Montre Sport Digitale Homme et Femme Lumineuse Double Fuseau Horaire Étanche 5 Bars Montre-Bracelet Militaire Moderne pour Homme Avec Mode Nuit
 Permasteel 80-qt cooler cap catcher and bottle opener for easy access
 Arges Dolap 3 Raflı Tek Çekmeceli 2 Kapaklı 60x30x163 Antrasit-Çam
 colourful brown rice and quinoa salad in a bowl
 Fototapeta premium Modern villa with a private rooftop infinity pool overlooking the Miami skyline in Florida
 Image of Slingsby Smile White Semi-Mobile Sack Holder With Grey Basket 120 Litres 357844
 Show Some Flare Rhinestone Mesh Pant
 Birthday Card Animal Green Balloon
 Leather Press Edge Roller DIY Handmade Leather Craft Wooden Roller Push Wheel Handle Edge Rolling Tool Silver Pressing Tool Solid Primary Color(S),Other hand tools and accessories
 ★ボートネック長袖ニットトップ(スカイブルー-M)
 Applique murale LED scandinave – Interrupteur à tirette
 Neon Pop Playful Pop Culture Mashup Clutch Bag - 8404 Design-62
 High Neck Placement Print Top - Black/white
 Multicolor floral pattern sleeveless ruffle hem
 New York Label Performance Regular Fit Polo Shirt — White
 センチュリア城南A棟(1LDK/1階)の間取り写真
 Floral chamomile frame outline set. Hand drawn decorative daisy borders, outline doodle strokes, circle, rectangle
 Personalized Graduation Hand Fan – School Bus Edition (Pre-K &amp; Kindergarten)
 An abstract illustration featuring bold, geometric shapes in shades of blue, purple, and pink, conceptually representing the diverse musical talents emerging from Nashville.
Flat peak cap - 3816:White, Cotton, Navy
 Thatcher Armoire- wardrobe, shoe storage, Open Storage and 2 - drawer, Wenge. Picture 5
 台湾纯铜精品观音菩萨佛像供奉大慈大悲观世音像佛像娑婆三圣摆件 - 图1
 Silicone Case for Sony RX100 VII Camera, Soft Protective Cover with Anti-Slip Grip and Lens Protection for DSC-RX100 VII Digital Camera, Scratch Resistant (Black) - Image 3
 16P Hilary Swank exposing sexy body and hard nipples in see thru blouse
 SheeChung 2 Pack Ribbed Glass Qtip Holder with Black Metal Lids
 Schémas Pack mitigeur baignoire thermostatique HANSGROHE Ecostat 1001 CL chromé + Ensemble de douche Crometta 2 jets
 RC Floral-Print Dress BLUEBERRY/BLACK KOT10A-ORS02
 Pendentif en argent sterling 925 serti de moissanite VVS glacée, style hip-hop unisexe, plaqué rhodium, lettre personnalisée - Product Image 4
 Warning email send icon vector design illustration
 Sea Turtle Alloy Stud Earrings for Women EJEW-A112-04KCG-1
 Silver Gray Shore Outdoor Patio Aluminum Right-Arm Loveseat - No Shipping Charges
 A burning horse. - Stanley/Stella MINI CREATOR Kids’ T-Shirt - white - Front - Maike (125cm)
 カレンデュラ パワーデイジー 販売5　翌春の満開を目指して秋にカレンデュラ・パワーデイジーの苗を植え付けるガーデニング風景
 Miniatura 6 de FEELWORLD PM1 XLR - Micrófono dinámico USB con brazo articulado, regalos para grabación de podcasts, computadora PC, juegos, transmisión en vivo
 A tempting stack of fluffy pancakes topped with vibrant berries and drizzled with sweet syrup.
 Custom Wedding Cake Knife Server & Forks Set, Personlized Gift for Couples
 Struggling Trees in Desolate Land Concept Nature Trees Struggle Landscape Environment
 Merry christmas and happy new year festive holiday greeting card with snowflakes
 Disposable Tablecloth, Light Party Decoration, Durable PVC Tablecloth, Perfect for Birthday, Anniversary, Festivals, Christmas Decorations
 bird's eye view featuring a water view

+++

[Description of the task]
Every entry above needs to be quoted exactly.

[Exercise answer]
Montre Sport Digitale Homme et Femme Lumineuse Double Fuseau Horaire Étanche 5 Bars Montre-Bracelet Militaire Moderne pour Homme Avec Mode Nuit
 Permasteel 80-qt cooler cap catcher and bottle opener for easy access
 Arges Dolap 3 Raflı Tek Çekmeceli 2 Kapaklı 60x30x163 Antrasit-Çam
 colourful brown rice and quinoa salad in a bowl
 Fototapeta premium Modern villa with a private rooftop infinity pool overlooking the Miami skyline in Florida
 Image of Slingsby Smile White Semi-Mobile Sack Holder With Grey Basket 120 Litres 357844
 Show Some Flare Rhinestone Mesh Pant
 Birthday Card Animal Green Balloon
 Leather Press Edge Roller DIY Handmade Leather Craft Wooden Roller Push Wheel Handle Edge Rolling Tool Silver Pressing Tool Solid Primary Color(S),Other hand tools and accessories
 ★ボートネック長袖ニットトップ(スカイブルー-M)
 Applique murale LED scandinave – Interrupteur à tirette
 Neon Pop Playful Pop Culture Mashup Clutch Bag - 8404 Design-62
 High Neck Placement Print Top - Black/white
 Multicolor floral pattern sleeveless ruffle hem
 New York Label Performance Regular Fit Polo Shirt — White
 センチュリア城南A棟(1LDK/1階)の間取り写真
 Floral chamomile frame outline set. Hand drawn decorative daisy borders, outline doodle strokes, circle, rectangle
 Personalized Graduation Hand Fan – School Bus Edition (Pre-K &amp; Kindergarten)
 An abstract illustration featuring bold, geometric shapes in shades of blue, purple, and pink, conceptually representing the diverse musical talents emerging from Nashville.
Flat peak cap - 3816:White, Cotton, Navy
 Thatcher Armoire- wardrobe, shoe storage, Open Storage and 2 - drawer, Wenge. Picture 5
 台湾纯铜精品观音菩萨佛像供奉大慈大悲观世音像佛像娑婆三圣摆件 - 图1
 Silicone Case for Sony RX100 VII Camera, Soft Protective Cover with Anti-Slip Grip and Lens Protection for DSC-RX100 VII Digital Camera, Scratch Resistant (Black) - Image 3
 16P Hilary Swank exposing sexy body and hard nipples in see thru blouse
 SheeChung 2 Pack Ribbed Glass Qtip Holder with Black Metal Lids
 Schémas Pack mitigeur baignoire thermostatique HANSGROHE Ecostat 1001 CL chromé + Ensemble de douche Crometta 2 jets
 RC Floral-Print Dress BLUEBERRY/BLACK KOT10A-ORS02
 Pendentif en argent sterling 925 serti de moissanite VVS glacée, style hip-hop unisexe, plaqué rhodium, lettre personnalisée - Product Image 4
 Warning email send icon vector design illustration
 Sea Turtle Alloy Stud Earrings for Women EJEW-A112-04KCG-1
 Silver Gray Shore Outdoor Patio Aluminum Right-Arm Loveseat - No Shipping Charges
 A burning horse. - Stanley/Stella MINI CREATOR Kids’ T-Shirt - white - Front - Maike (125cm)
 カレンデュラ パワーデイジー 販売5　翌春の満開を目指して秋にカレンデュラ・パワーデイジーの苗を植え付けるガーデニング風景
 Miniatura 6 de FEELWORLD PM1 XLR - Micrófono dinámico USB con brazo articulado, regalos para grabación de podcasts, computadora PC, juegos, transmisión en vivo
 A tempting stack of fluffy pancakes topped with vibrant berries and drizzled with sweet syrup.
 Custom Wedding Cake Knife Server & Forks Set, Personlized Gift for Couples
 Struggling Trees in Desolate Land Concept Nature Trees Struggle Landscape Environment
 Merry christmas and happy new year festive holiday greeting card with snowflakes
 Disposable Tablecloth, Light Party Decoration, Durable PVC Tablecloth, Perfect for Birthday, Anniversary, Festivals, Christmas Decorations
 bird's eye view featuring a water view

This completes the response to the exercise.